Preheat the oven to 160C (140C for a fan oven) and grease the tin. Break the chocolate into pieces and put in a heatproof dish over a pan of boiling water. Cut the butter up and add it to the chocolate. Heat gently over the water, stirring constantly, until fully melted. Then remove immediately from the heat. I’d get someone to help you for this bit, as stirring the two dishes at once is hard.

Check how runny the white batter is. When I did this I forgot to account for how much cocoa butter is in white chocolate — melted butter was actually sitting on the top of the dish there was so much in that batter. I just tipped a bit out into a mug and saved it. I’ve reduced the amount of butter in the recipe, but if it looks oily and buttery, you can do the same.

Mix the flours, bicarb of soda, sugar and cocoa/white chocolate Options together and add the chocolate. Crack in the eggs and pour in the buttermilk. Stir until you have two well blended, smooth batters. The dark chocolate batter will be really thick — add a bit of the excess white chocolate’s butter if necessary.

Now comes the fun bit. You need to put the white batter in first, covering up most of the bottom of the tin. Then add a dollop of chocolate batter to cover up the bit of the tin the white batter doesn’t, and dollops of chocolate batter spaced out over the rest of the tin. Repeat.

Finish with a big splosh of white batter.

Bake for an hour to an hour and a half — until it’s risen, golden, and a skewer inserted in the middle comes out clean. Mine was in there for an hour and fifteen minutes.

Leave to cool in the tin, then turn out and cool completely.

Boil the jam until it’s soft and smooth. Then brush it all over the cake. I couldn’t think of any way to get the icing to stick to the cake that was chocolatey — if you have any ideas, let me know!

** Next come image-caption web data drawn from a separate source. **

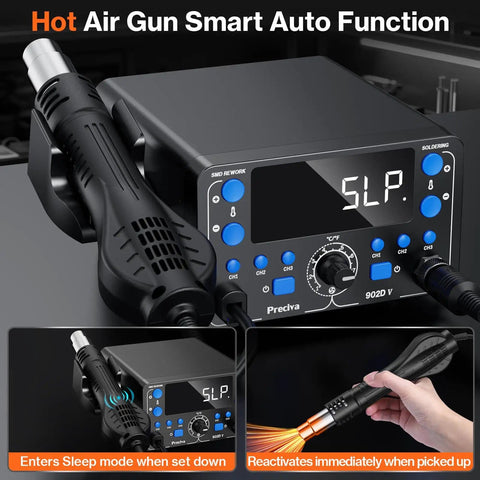 Top-Notch 2-in-1 SMD Hot Air Rework and Soldering Station with LED Display showing sleep mode, hot air gun in foreground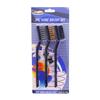 7-inch Industrial Cleaning Brush Set: Stainless Steel, Copper, Nylon Bristles – 3 Mini Brushes for Polishing.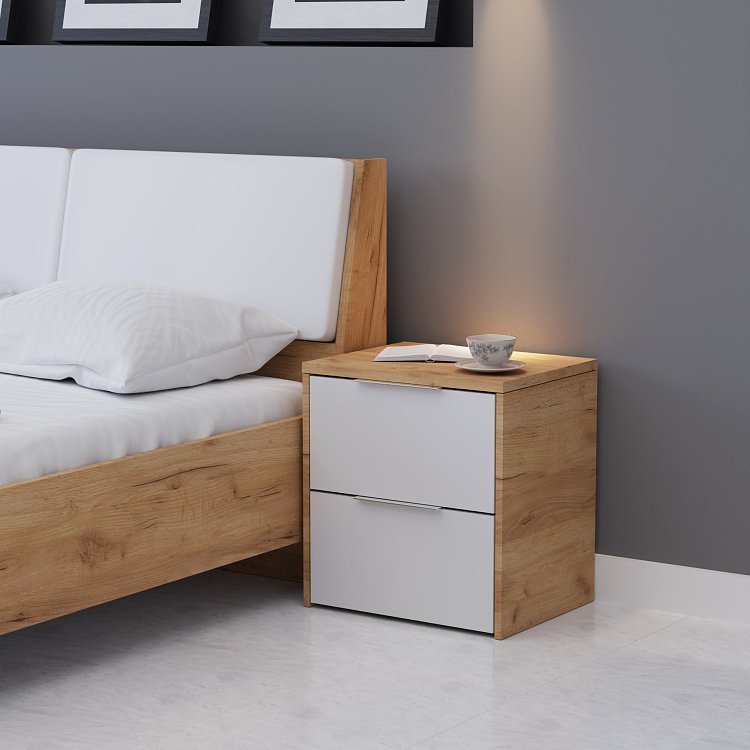 Κομοδίνο Avanti Χρυσός Δρυς-Λευκό 49.8x39.7x53.7cm TO-AVANTIBEDSIDE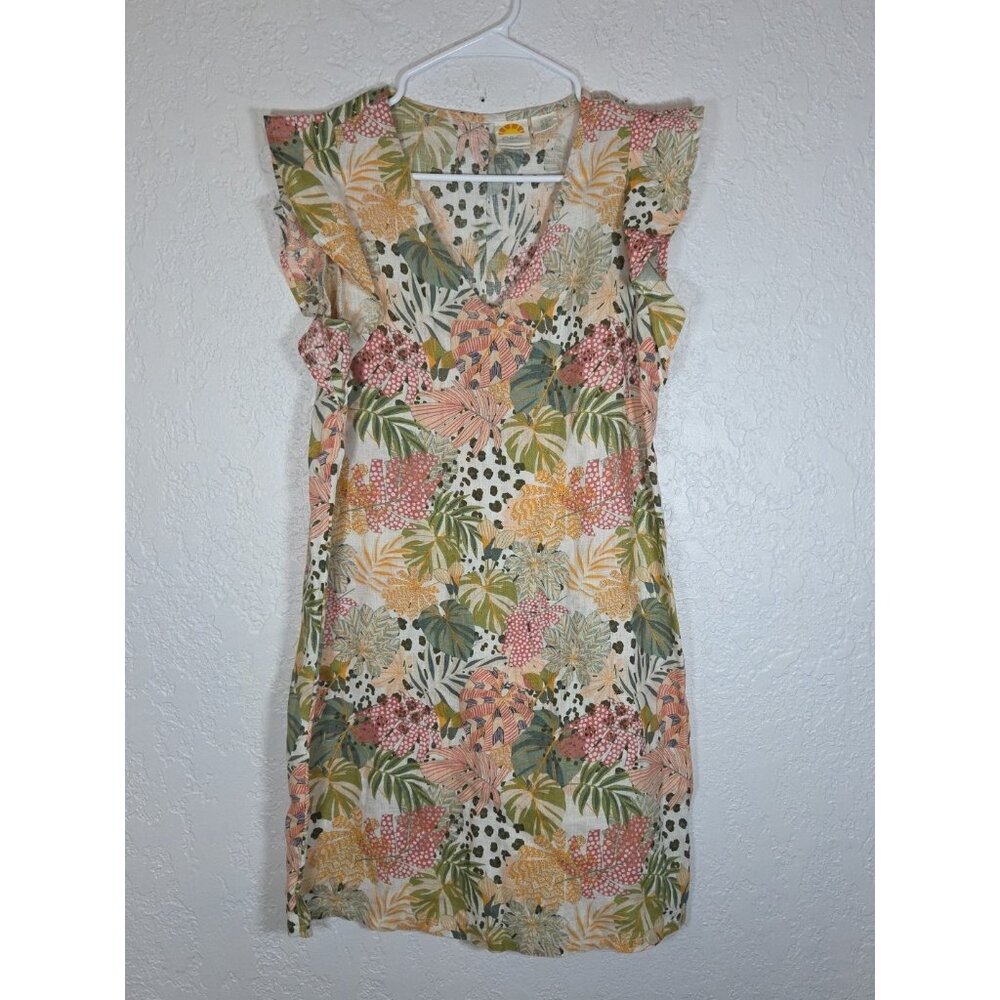 C&C California Womens Eruo Summer Linen Shift Dress Sz XS Multi Tropical Floral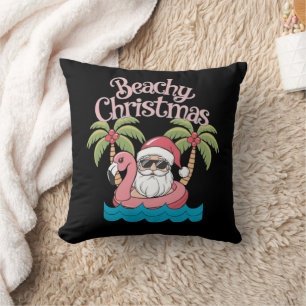 Cojín Decorativo Navidad Playera Vacaciones Tropicales Santa Playa 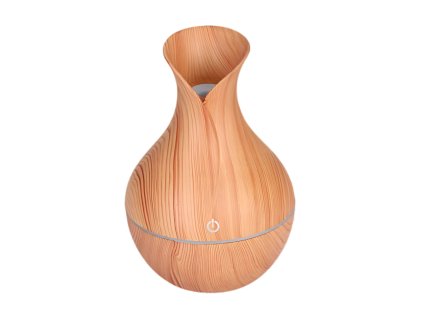 Aroma difuzér a zvlhčovač vzduchu s LED osvětlením – 130 ml, dřevěný dekor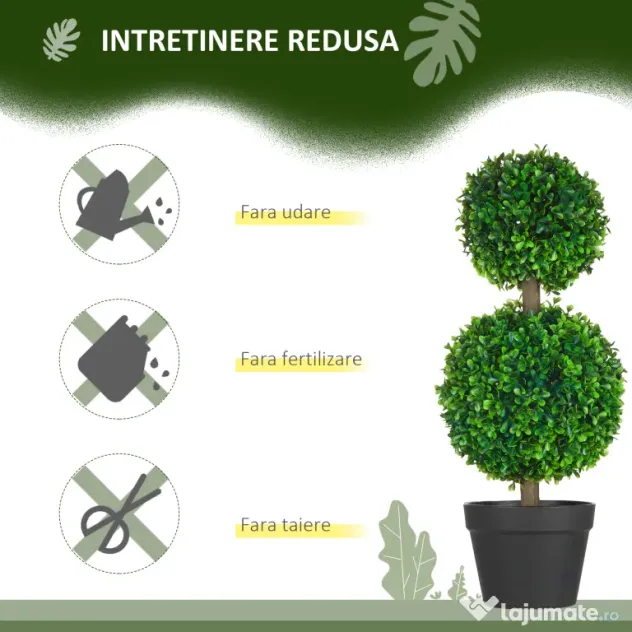 Homcom Buxus Artificial Sferic – Ghiveci Decor Interior & Exterior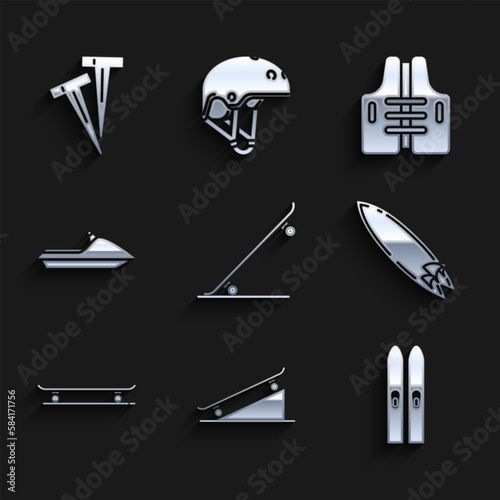 Set Skateboard, on street ramp, Ski and sticks, Surfboard, Jet ski, Life jacket and Pegs for tents icon. Vector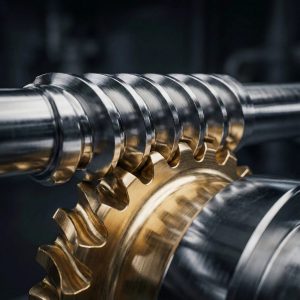 Close-up view of worm and gear tooth engagement with polished metal contact surfaces
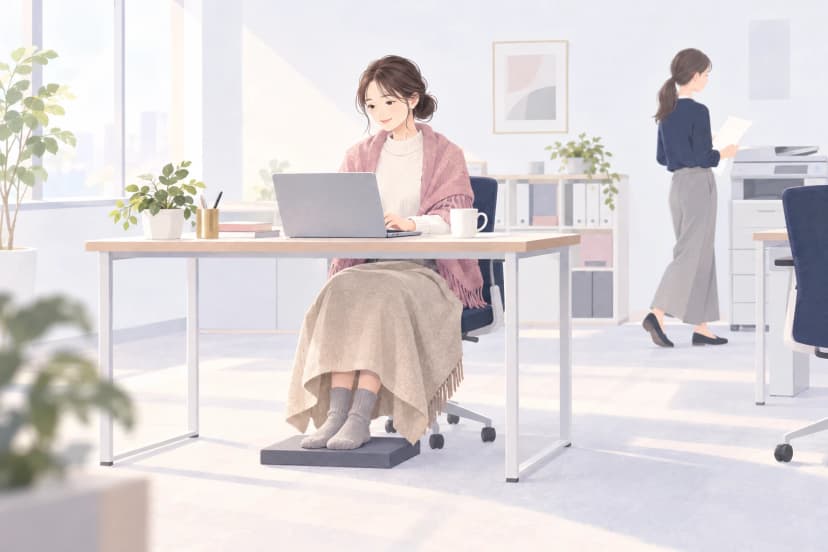 明るいオフィスで、30代の女性がノートパソコンに向かっている。肩にくすんだローズ色のストールを掛け、ひざにベージュのひざ掛けを掛けて、厚手の靴下をはいた足を机の下の低い足台にのせている。机の上には白いマグカップ。奥では同僚が書類を手に、コピー機のほうへ歩いている。
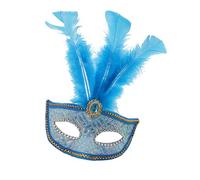 YIGZYCN Demi-visage vénitien à plumes pour bal masqué, bal masqué, fête d'Halloween, cosplay, photo, Mardi Gras, ensemble d'accessoires de costume pour homme et femme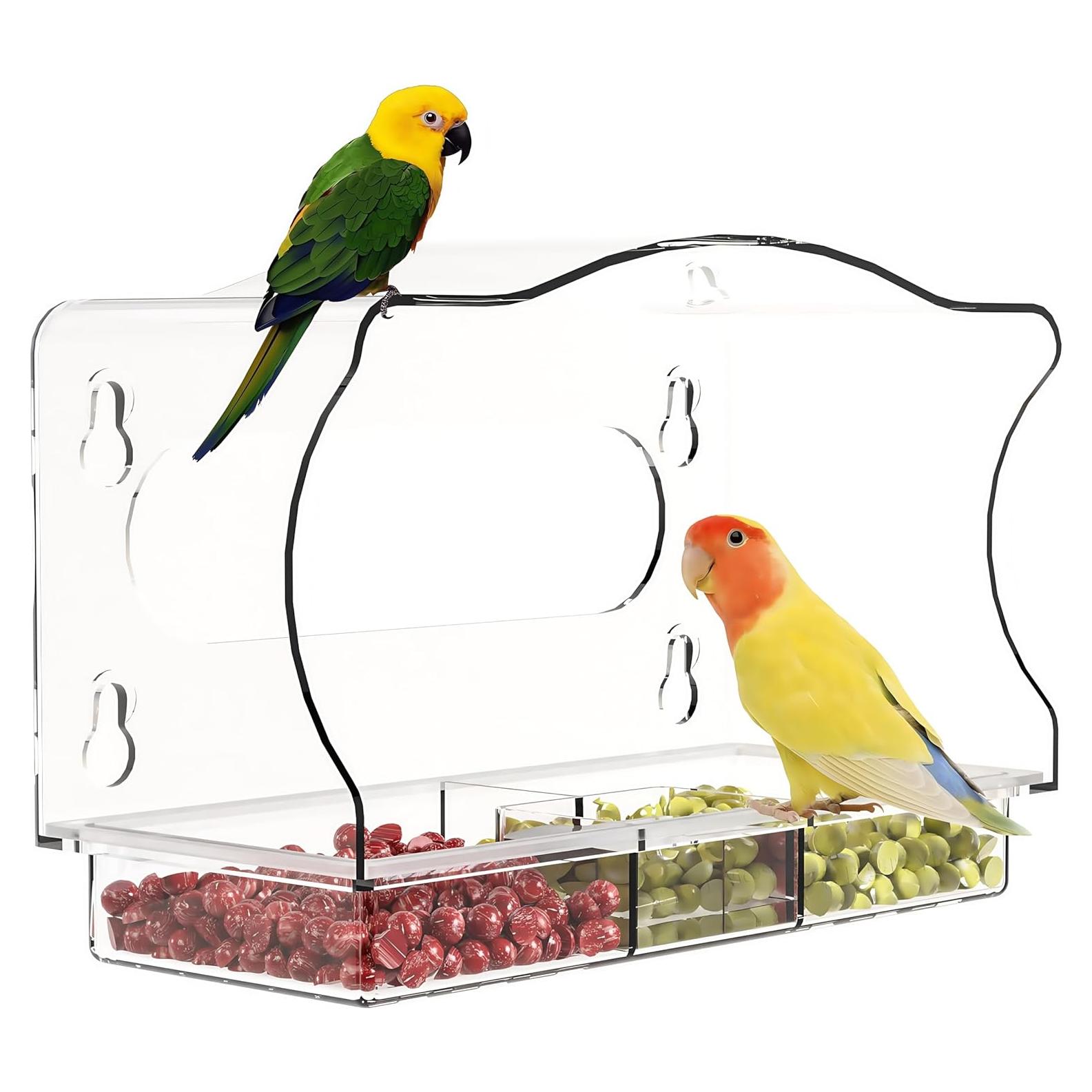 Comedero para Aves de Ventana SEEZENGREEN - Acrílico Transparente, 55 Pulgadas Cúbicas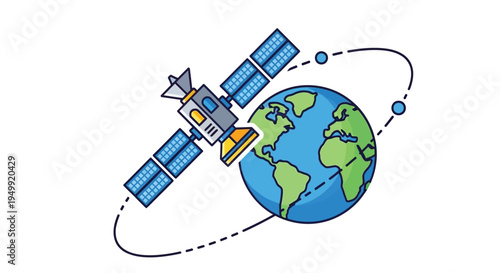 Satellite orbiting the Earth with solar panels and antennae in space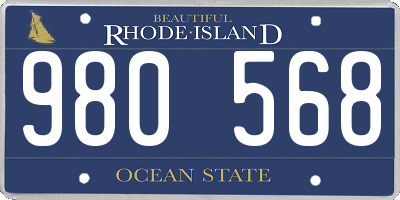 RI license plate 980568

Now it’s time to decorate. Knead the ball of icing between your hands until it’s soft and pliable. Dust your work surface with icing sugar and start to roll the icing sugar out.

Turn it 90 degrees after each roll to make sure it doesn’t stick. If you’re crap at rolling icing like me, you’ll end up with something really wide but short.

When it’s big enough to cover your cake, flip it over the rolling pin (so it doesn’t tear) and drop it over the cake. Use your hands to cup around the cake and make sure it’s evenly covered and tight to the cake.

It’ll look like this.

Use a knife to trim off the excess.

Plonk the cow on top and….there we go!

The slices should all have cow print on them.

Here’s the cake cut in half.

It tasted lovely! The dark chocolate bits tasted really, really chocolatey. White chocolate cake doesn’t taste particularly like white chocolate, but it’s still delicious.

As baking experiments go, I’m pretty happy with this one.